[Stored data]

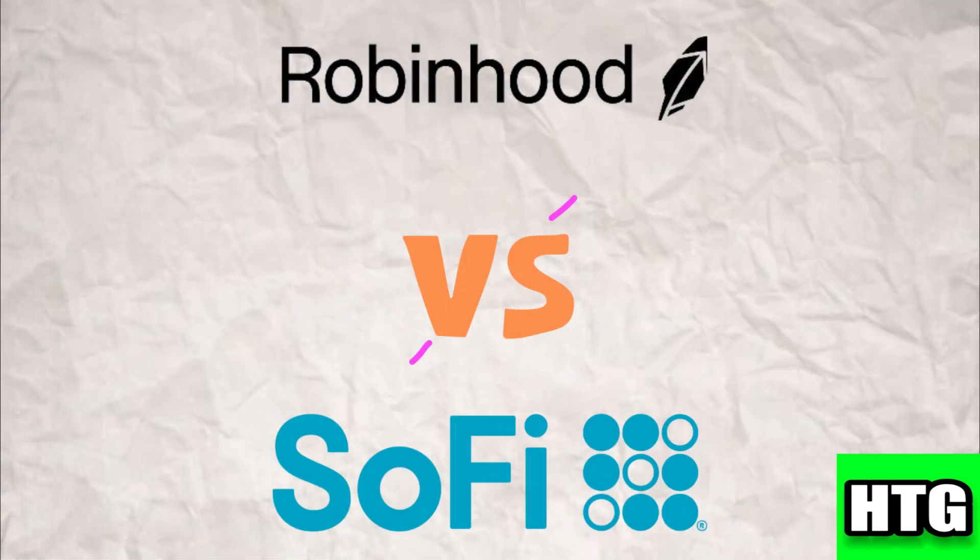Choosing between Robinhood and SoFi depends on your financial goals, investment style, and the range of services you need. In 2024, both platforms offer unique benefits. Robinhood is great for straightforward, cost-effective trading, while SoFi offers a broader suite of financial services. The best choice depends on your specific needs and financial goals.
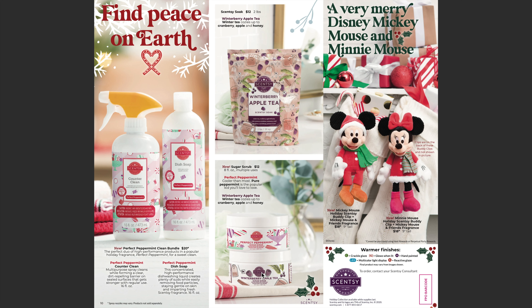Sugar scrubs will be available in Winter Berry Apple Tea and also Perfect Peppermint, retailing for $12. Now the fun part — we actually saw a sneak peek of these in SFR — we will be getting our Mickey Mouse and Minnie Mouse holiday Scentsy Buddy Clips. My son already saw these and he wants them. They will be available in Mickey Mouse and Friends fragrance and retail for $18.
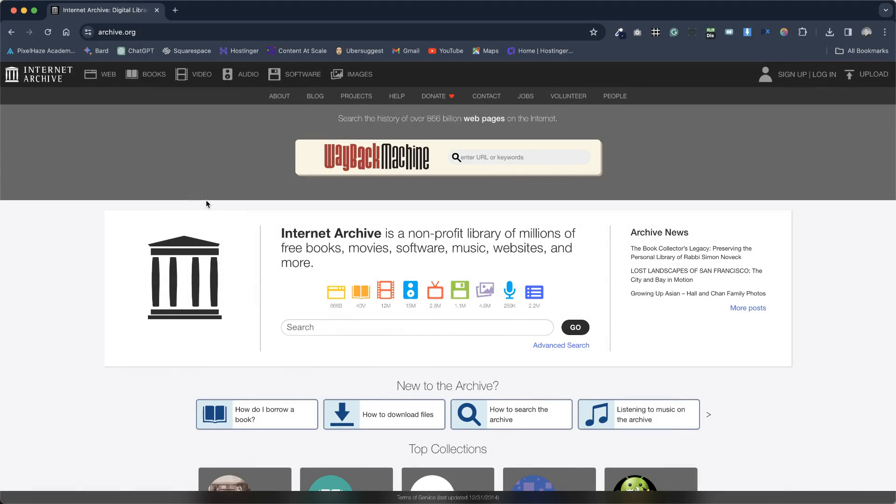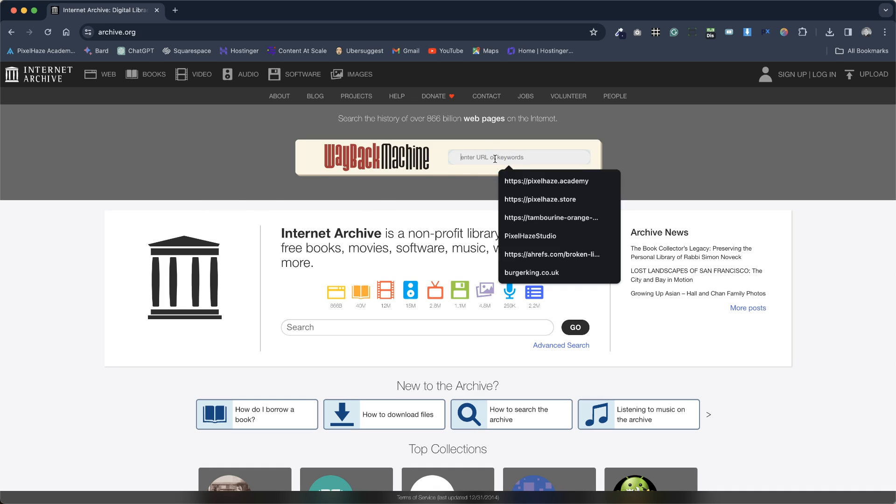If you've lost information from an old website and urgently need to retrieve it, all hope is not lost. The treasure trove of the deep online world includes the Wayback Machine, hosted on archive.org. By visiting this website, you can enter a keyword or a website URL and quickly search to see if that website is still available.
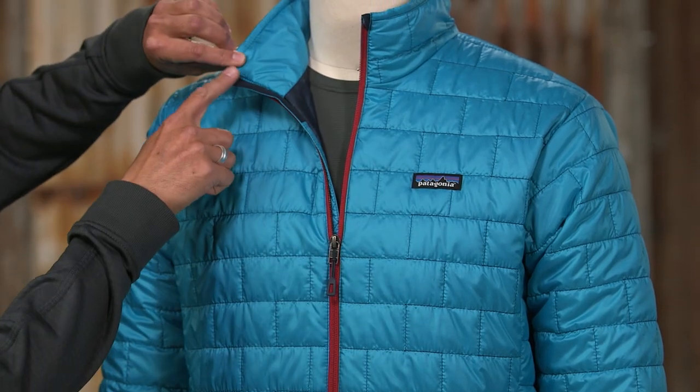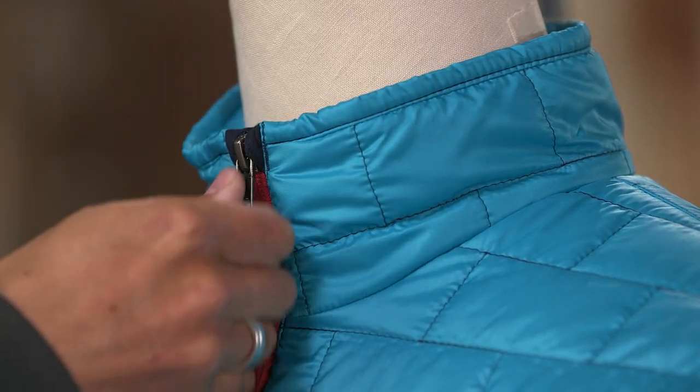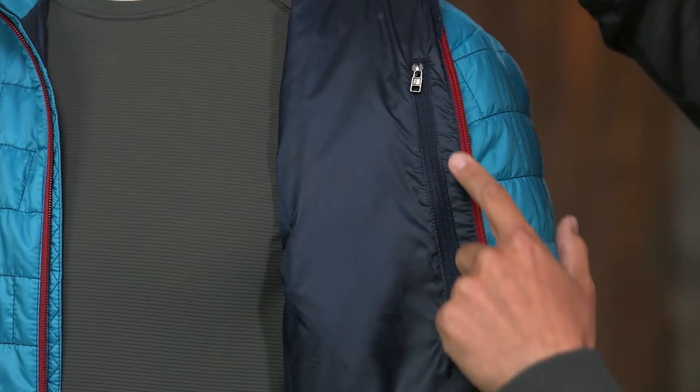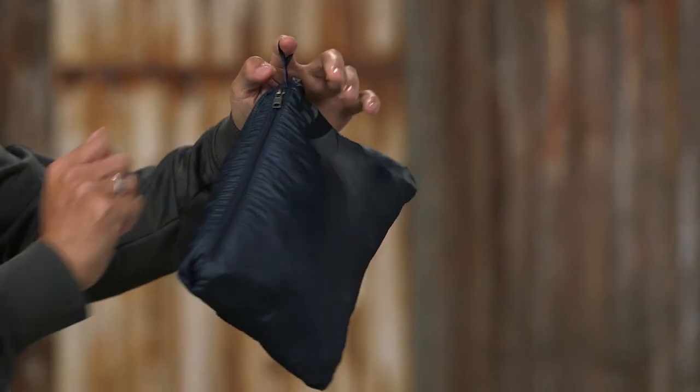A center-front zipper has a soft, wicking interior storm flap and a zipper garage at the chin for next-to-skin comfort. It has zippered hand warmer pockets and a zippered chest pocket that doubles as a stuff sack and comes with a reinforced carabiner clip-in loop.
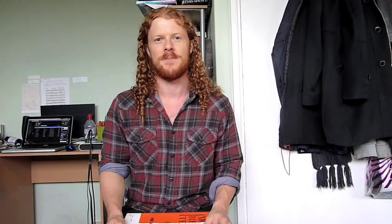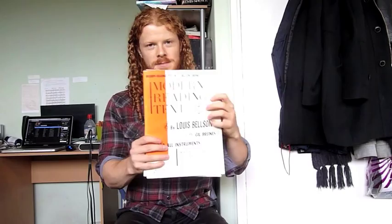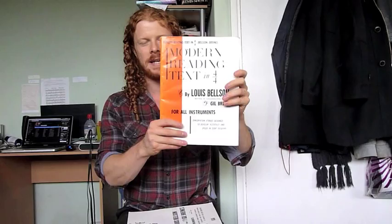The first one we're going to look at is actually two books by an author called Louie Belson. The first one is called 'Modern Reading Text in 4/4' by Louie Belson, and the second one is 'Odd Time Reading Text.' These books contain a collection of rhythms — there's no pitch, just tons and tons of rhythms.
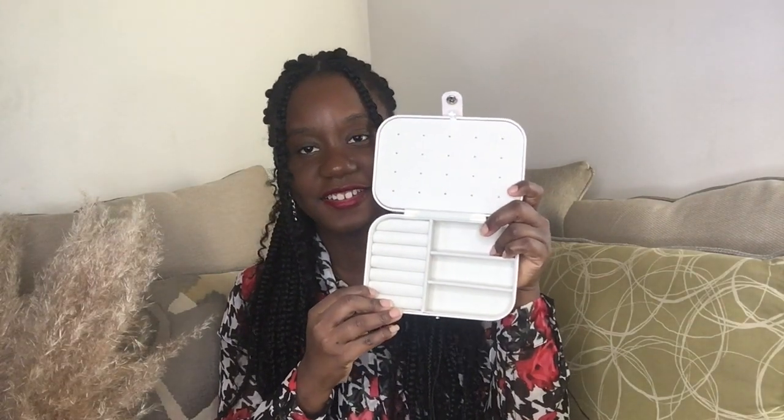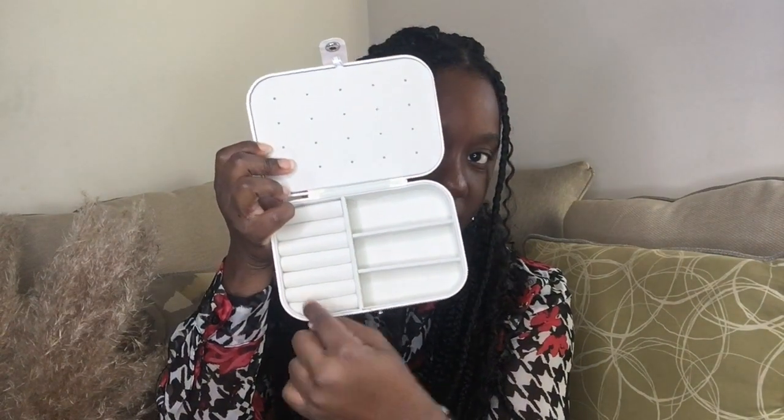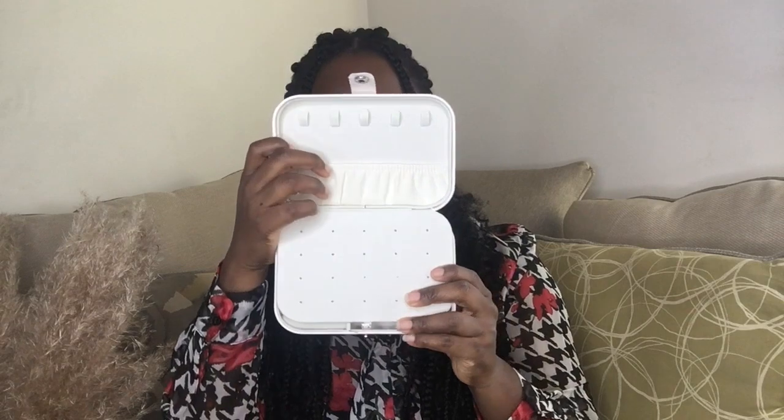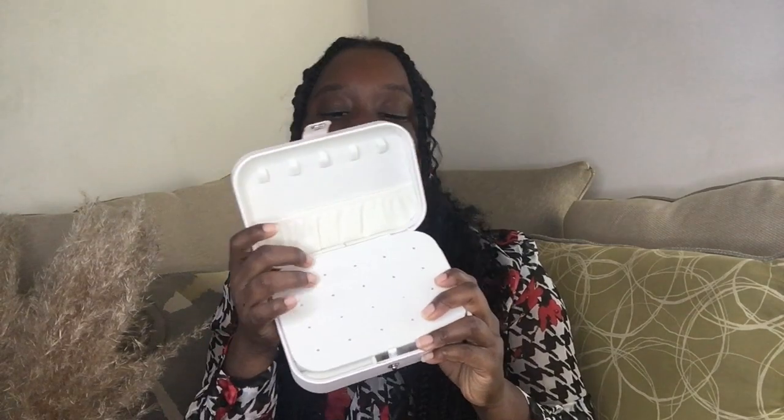Let me show you a picture of the inside — the jewelry shown is from the manufacturer's page. Here you have the space for rings, and here you have the earring holder, which is suitable for up to ten earrings. When you look up, there is a necklace panel suitable for up to five necklaces. If a necklace is too long it will end up at the bottom, and you can also put your earring backs right there.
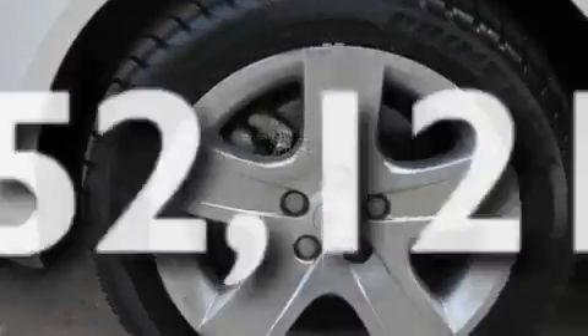Additional features include a security system, traction control, an audio equalizer, and this vehicle has less than 53,000 miles.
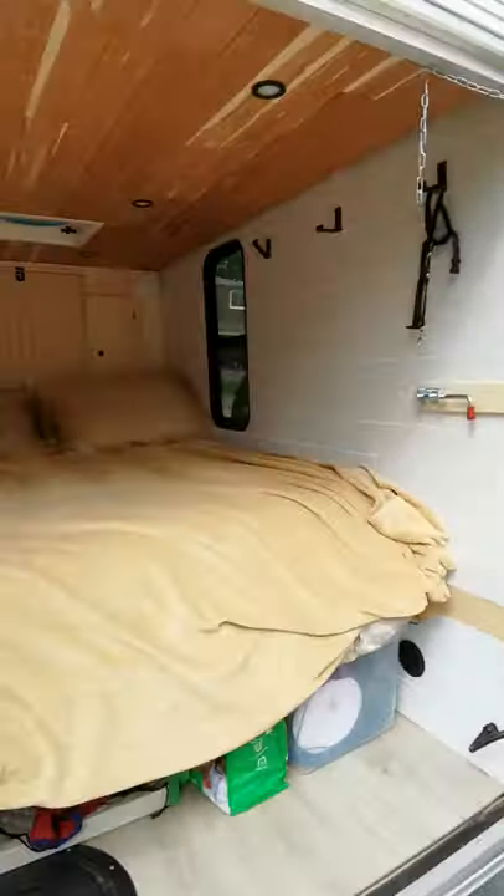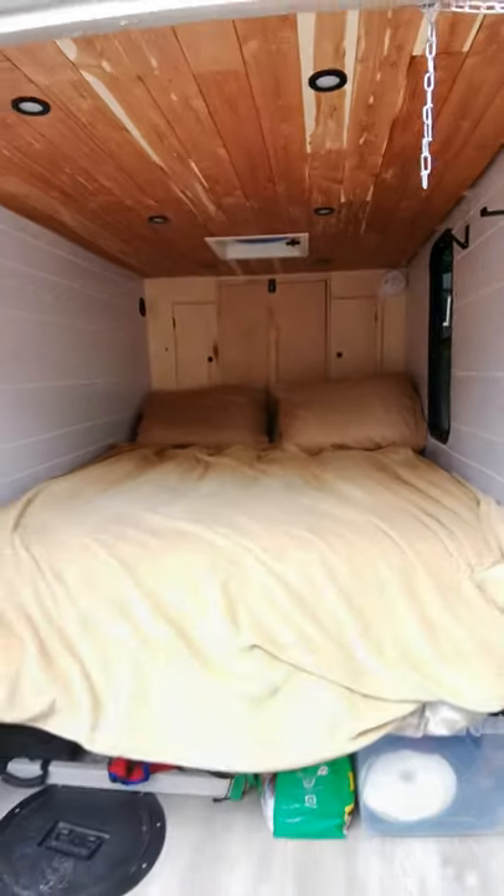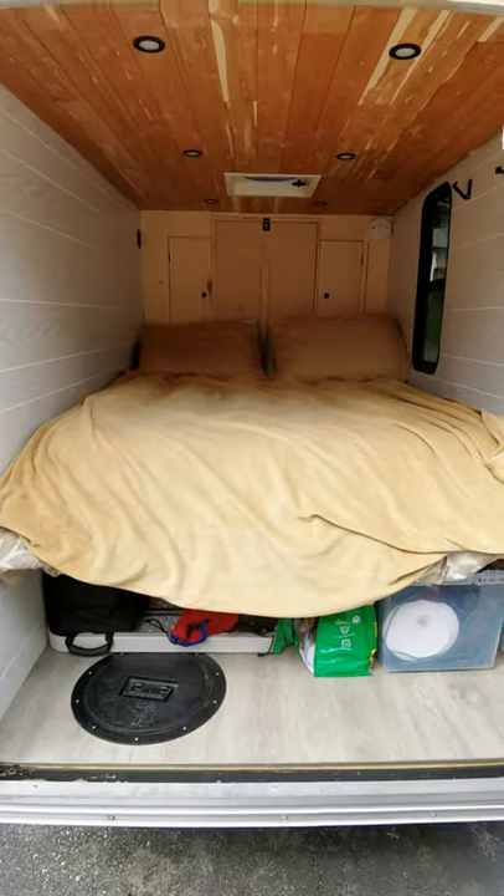I have it set up in camp mode, bed down, ready, cozy, and all my gear on the floor below.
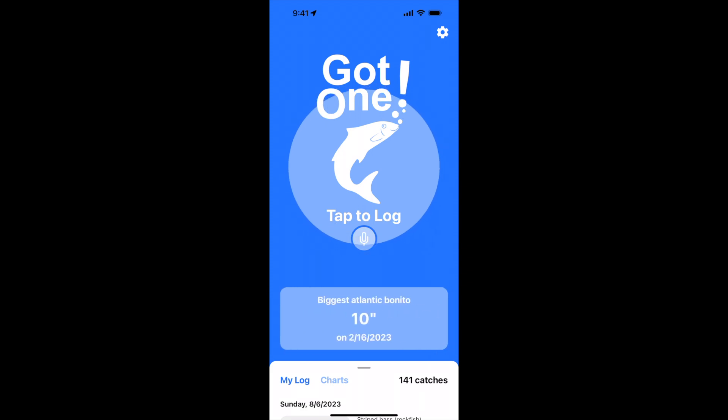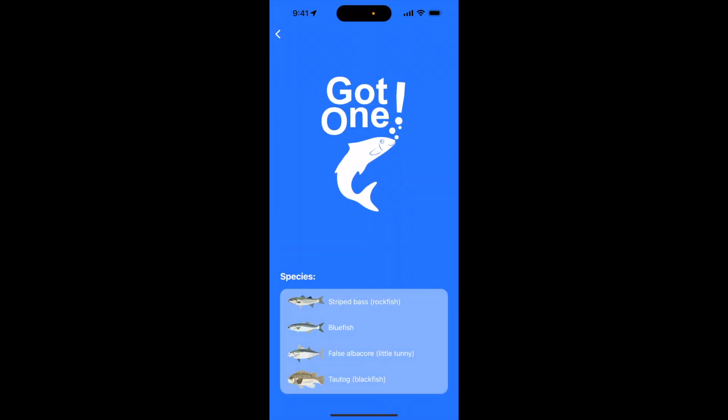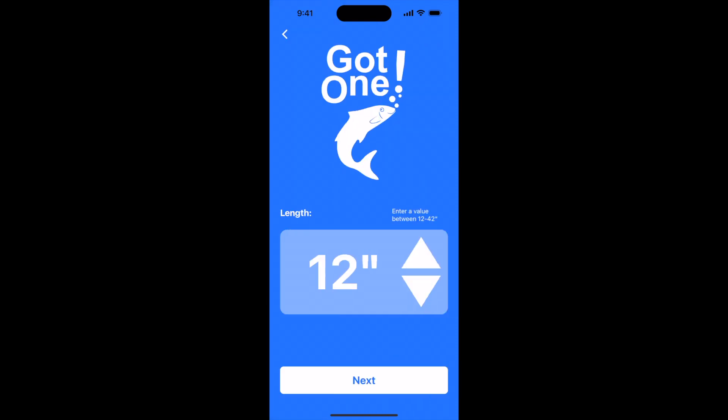If you tap on the microphone button now, it'll ask you what species you caught. What did you catch? Bluefish. What is the length between 12 and 42 inches? 18 inches.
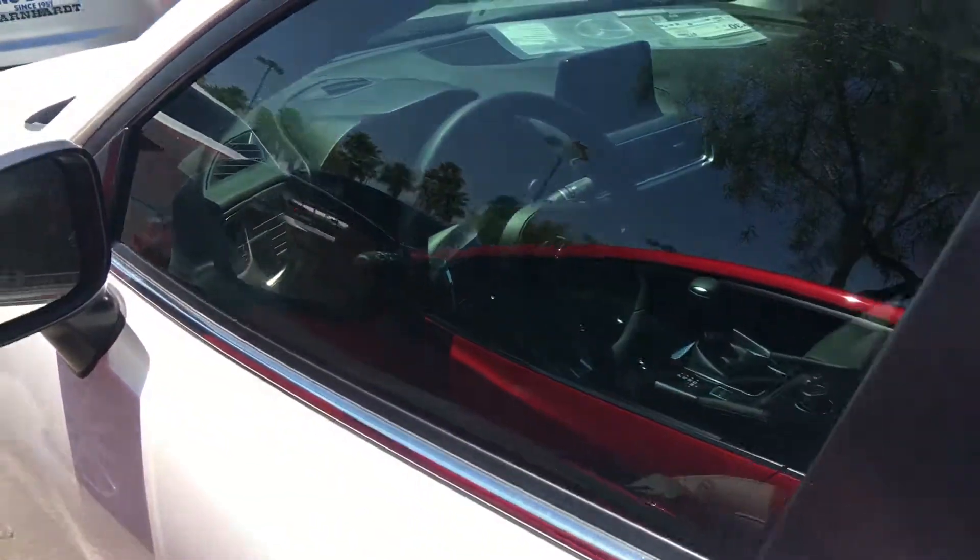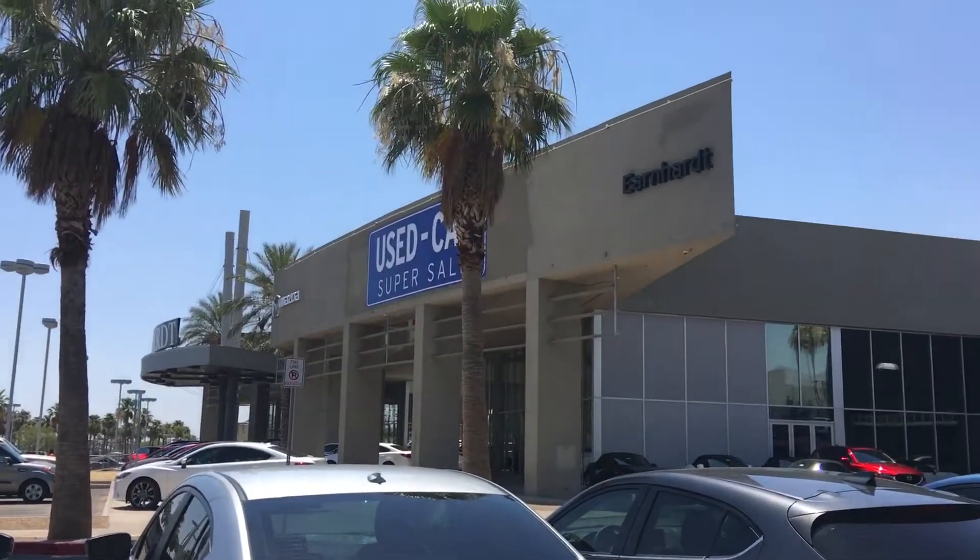We're located on 6525 Centennial Center Boulevard, and I hope to see you in our showroom soon.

▶ What you are asked to do:
The data above are to be repeated word for word, with any pictures left out.

▶ Problem solution:
Choosing between Robinhood and SoFi depends on your financial goals, investment style, and the range of services you need. In 2024, both platforms offer unique benefits. Robinhood is great for straightforward, cost-effective trading, while SoFi offers a broader suite of financial services. The best choice depends on your specific needs and financial goals.
Sugar scrubs will be available in Winter Berry Apple Tea and also Perfect Peppermint, retailing for $12. Now the fun part — we actually saw a sneak peek of these in SFR — we will be getting our Mickey Mouse and Minnie Mouse holiday Scentsy Buddy Clips. My son already saw these and he wants them. They will be available in Mickey Mouse and Friends fragrance and retail for $18.
If you've lost information from an old website and urgently need to retrieve it, all hope is not lost. The treasure trove of the deep online world includes the Wayback Machine, hosted on archive.org. By visiting this website, you can enter a keyword or a website URL and quickly search to see if that website is still available.
A center-front zipper has a soft, wicking interior storm flap and a zipper garage at the chin for next-to-skin comfort. It has zippered hand warmer pockets and a zippered chest pocket that doubles as a stuff sack and comes with a reinforced carabiner clip-in loop.
The first one we're going to look at is actually two books by an author called Louie Belson. The first one is called 'Modern Reading Text in 4/4' by Louie Belson, and the second one is 'Odd Time Reading Text.' These books contain a collection of rhythms — there's no pitch, just tons and tons of rhythms.
Let me show you a picture of the inside — the jewelry shown is from the manufacturer's page. Here you have the space for rings, and here you have the earring holder, which is suitable for up to ten earrings. When you look up, there is a necklace panel suitable for up to five necklaces. If a necklace is too long it will end up at the bottom, and you can also put your earring backs right there.
Additional features include a security system, traction control, an audio equalizer, and this vehicle has less than 53,000 miles.
I have it set up in camp mode, bed down, ready, cozy, and all my gear on the floor below.
If you tap on the microphone button now, it'll ask you what species you caught. What did you catch? Bluefish. What is the length between 12 and 42 inches? 18 inches.
We're located on 6525 Centennial Center Boulevard, and I hope to see you in our showroom soon.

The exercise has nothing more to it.